Dentro daquele contexto, passar a mão na cabeça de quem ateou fogo em carros - particulares, diga-se, de quem vandalizou fachada de bancos, prédios residenciais e comerciais, trancou avenidas com pneus queimados e até tocou fogo em ônibus, não apenas é impróprio do ponto de vista tático, já que a população estava de fato aterrorizada com o caso, mas é também uma estupidez do próprio ponto de vista ideológico. Um liberal ou libertário que ache razoável fazer o que os black blocs fizeram sequer entendeu o que é ser um libertário. Causar danos à propriedade de alguém é grave, é algo que todos os libertários do mundo teriam que repudiar. Naquele evento, a ação da PM foi correta, pois ela tinha que proteger os cidadãos de uma violência generalizada!

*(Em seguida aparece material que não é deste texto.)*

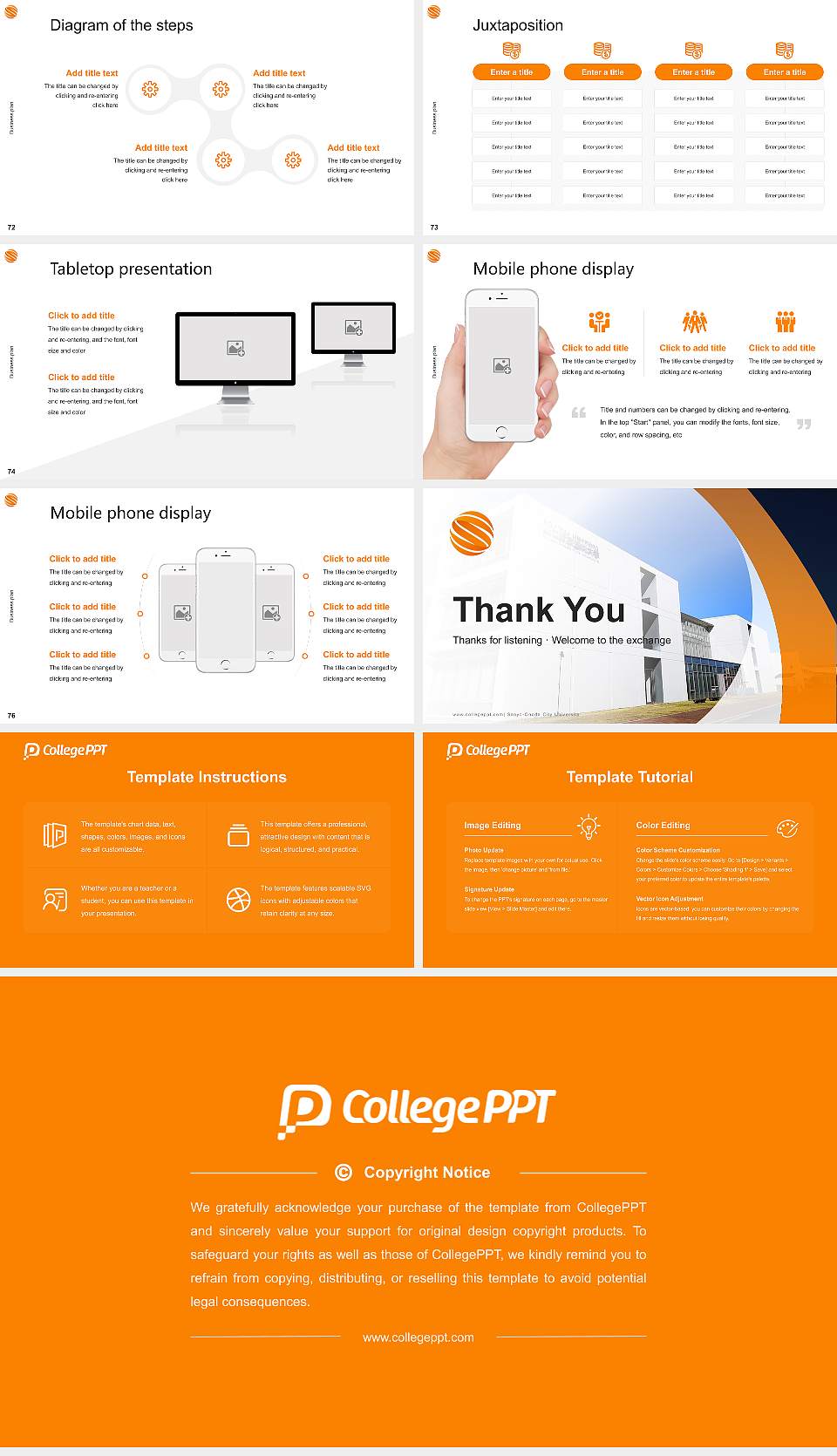 Sanyo-Onoda City University Competition/Entrepreneurship Contest PPT Template16:9 ratio PPT effect preview image9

Na ânsia de atacar "o Estado", o LIVRES se esqueceu de algo importante: Os black blocs não estavam lá em nome da liberdade, mas em nome do totalitarismo esquerdista, a pior forma de Estado que já existiu! Foi exatamente a partir desse dia que comecei a refletir minha posição diante do movimento, pois notei que não havia lá dentro pessoas íntegras e inteligentes, mas um monte de babacas arrogantes que querem apenas repetir jargões.

O MBL, por sua vez, tem sido o único movimento declaradamente liberal a atuar de forma eficaz nos últimos anos. Na realidade, é o único grupo que alcançou alguma coisa além da internet. Qual a reação dos liberais diante do MBL? Queixas tolas porque o movimento "não é puro o bastante", críticas porque o MBL colocou gente dentro da política, entre outras besteiras típicas.

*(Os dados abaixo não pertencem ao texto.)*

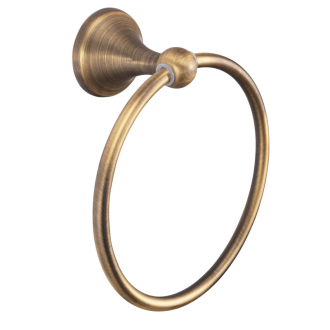 REA Kúpeľňový vešiak, starožitný bronz REA-06923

A verdade, quer queiramos ou não, é que ideias puras não significam nada. Ser ou não ser a favor do aborto, ser ou não ser defensor do livre mercado, querer ou não o Estado mínimo, são todas questões totalmente irrelevantes se não há, além das ideias, ações práticas que façam com que essa ideias se tornem ao menos tangíveis. Liberais ficam perdendo tempo com conferências escrotas nas quais discutem a importância do livre mercado, mas isso é inútil. Você não precisa convencer outros liberais sobre isso, não precisa ficar lambendo as bolas de outros liberais e afagando o próprio ego. O que é necessário é organizar estas pessoas e dar a elas um destino, um caminho através do qual o tal livre mercado se tornará realidade. Caso contrário, é só perda de tempo.

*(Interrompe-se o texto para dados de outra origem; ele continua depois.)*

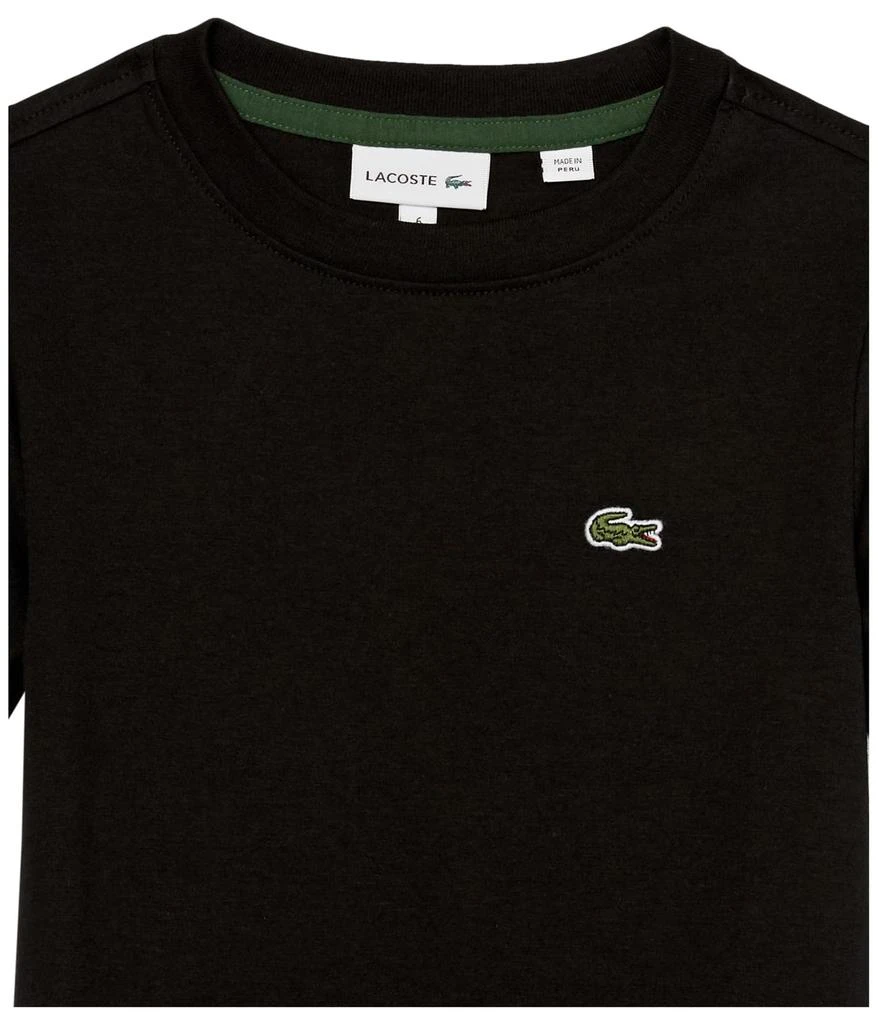 Lacoste Short Sleeve Crew Neck Classic Cotton T-Shirt (Toddler/Little Kids/Big Kids) 2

Um amigo meu escreveu o seguinte:
"Não tenho mais expectativas com nada. Só cheguei à conclusão de tentar fazer alguma coisa no meio acadêmico mais como um registro, para ter algo publicado no assunto que não fosse na informalidade da internet. E foi justamente por isso que ocupei de falar do básico do Liberalismo e do Libertarianismo, sem entrar em questões polêmicas sem consenso ou totalmente hipotéticas como um "judiciário privado", por exemplo. É perda de tempo esses papos com jargões exclusivamente libertários sobre "como seria o PNA" ou devaneios do tipo.
Se as pessoas não entenderem que quanto mais burocratas decidindo sobre suas vidas as coisas serão piores, não adianta discutir nada com ninguém. É como prisioneiros condenados pela vida toda debatendo sobre se tornar astronauta. É preciso criar uma cultura de resistência contra a mentalidade estatista e o resto a gente decide depois, na base da democracia." (Davi Viveiros Sant'Anna)
Não acho que os liberais e libertários ainda ideologicamente cegos sejam capazes de compreender, mesmo porque eles estão extremamente ocupados com sua "rebeldia" e fazendo "enormes transgressões" ao Estado, tipo usar camisetas onde se lê "Foda-se o Estado", algo que faz com que os políticos "estremeçam de medo" (risos).

*Ainda sobre o caso da moça que supostamente perdeu o olho: Ela não foi diretamente atacada pela polícia, o que aconteceu, na realidade, é que uma bomba de efeito moral estourou e um dos estilhaços acertou-a na vista. Contudo, na época, a extrema-esquerda vendeu a ideia de que ela teria sido atingida por uma bala de borracha, o que é mentira.